» What is required
Leave the images out. Give every line below again, precisely.

» Data shown
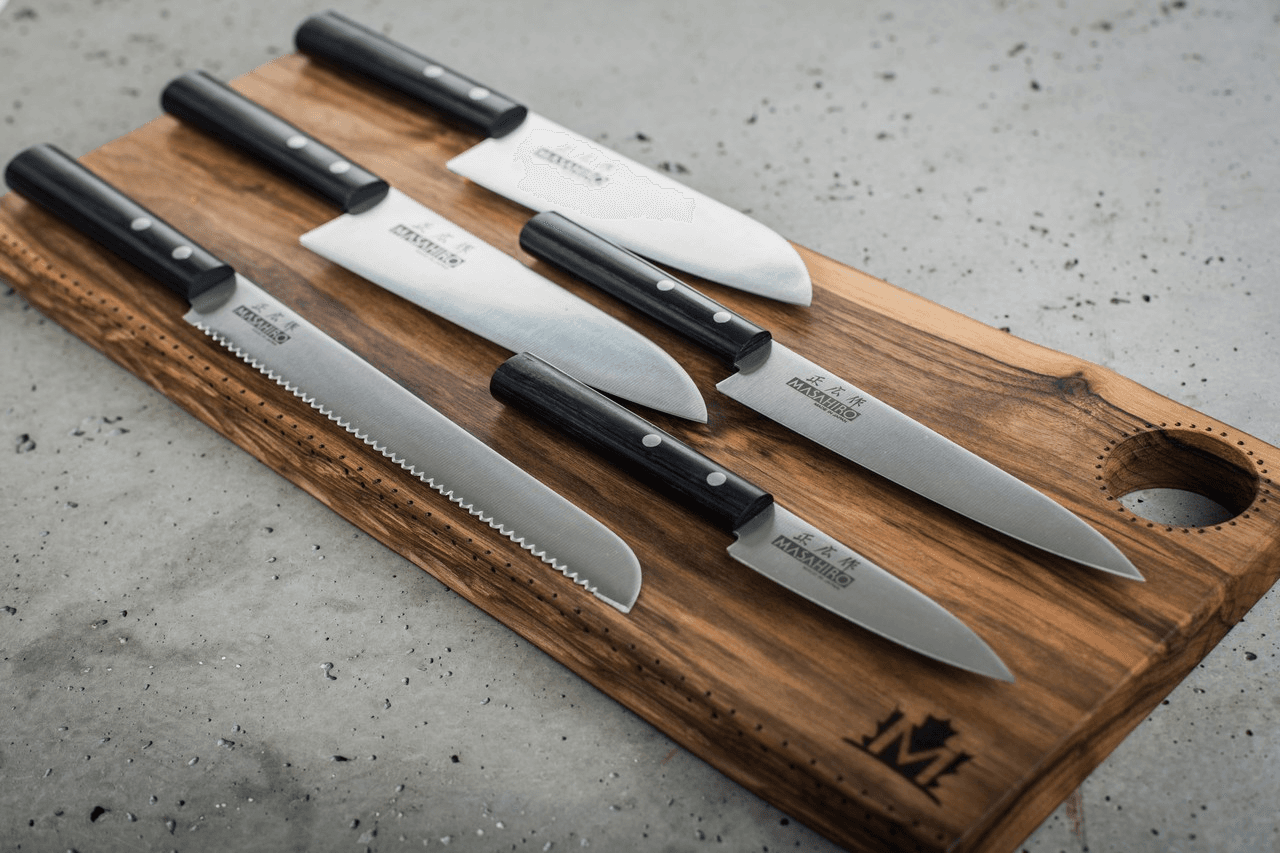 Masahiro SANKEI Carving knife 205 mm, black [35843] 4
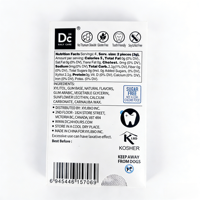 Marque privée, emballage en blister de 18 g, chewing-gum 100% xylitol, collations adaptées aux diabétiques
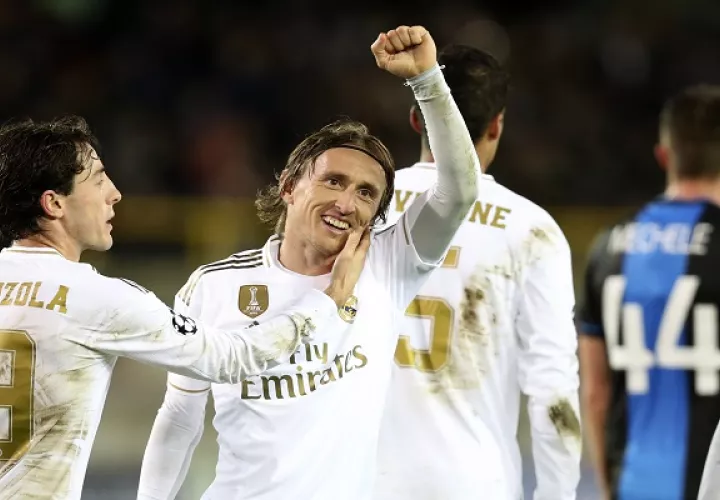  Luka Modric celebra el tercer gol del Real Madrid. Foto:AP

» Result of this exercise
 Masahiro SANKEI Carving knife 205 mm, black [35843] 4
 Marque privée, emballage en blister de 18 g, chewing-gum 100% xylitol, collations adaptées aux diabétiques
  Luka Modric celebra el tercer gol del Real Madrid. Foto:AP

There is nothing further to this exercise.